Moody's expects the village will maintain a healthy financial position given conservative budgeting and a solid track record of ample reserves. At the end of fiscal 2003 the General Fund Balance equated 43.5 percent of General Fund revenues, reflecting the third year in which funds balance exceeded 40 percent of revenues. Projections for fiscal 2004, which ended May 31, indicate that reserves grew to 42 percent of General Fund revenues as a result of expenditure savings and mortgage tax revenues exceeding budget.
Evidencing financial flexibility, the village paid off its early retirement incentive in 2004 with funds originally allocated to pension costs (reflecting conservative budgeting of this line item). The fiscal 2005 General Fund budget includes a 5 percent property tax increase, expected to net $150,000. The increase is expected to offset the 7.2 percent (actual to budget) growth in expenditures, particularly increased costs in health insurance, pensions and salaries and wages. Conservative budgeting is projected to regenerate the $928,000 of appropriated fund balance.
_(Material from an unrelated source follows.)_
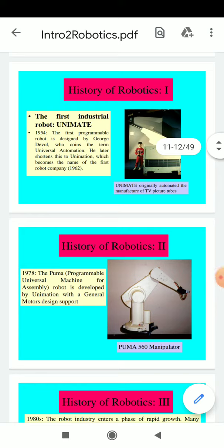If we talk about robotics history, starting in 1954, the first industrial robot was developed and its name is Unimate. The first reprogrammable robot was designed by George Deville, who coined the term Universal Automation, and the term robot is defined by Unimate.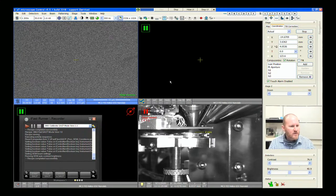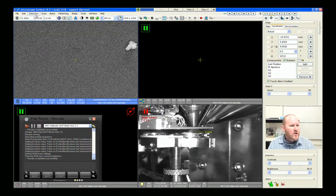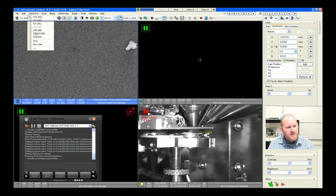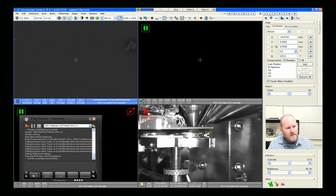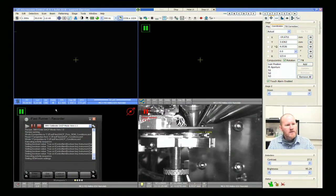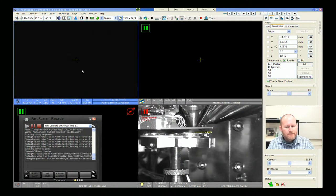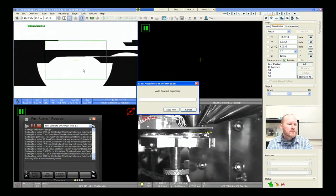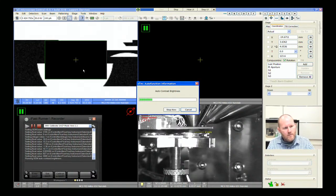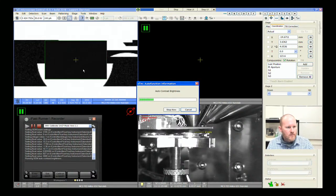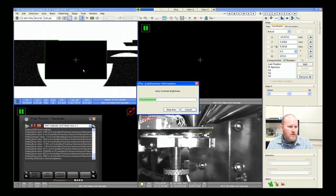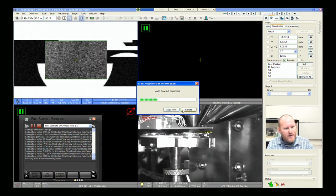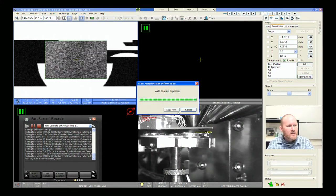Let me go to the next silicon wafer. If all goes well, we should be able to go to our CBS detector, enter SACP mode, set our contrast and brightness, and then see a pattern. We've talked in the past about pulling out this ACP routine, which we can do.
Moody's anticipates that the village's average overall debt burden will decline given rapid amortization of principal (83.2 percent in 10 years) and no near term borrowing plans. The village expects to issue an additional $3 million of debt for road maintenance in approximately five years. However, given the rapid repayment of principal, the village will have reduced outstanding principal by more than the amount expected to be borrowed at that time.
Altadonna and the board of trustees were extremely pleased with the new rating and attributed it to common sense planning and conservative spending.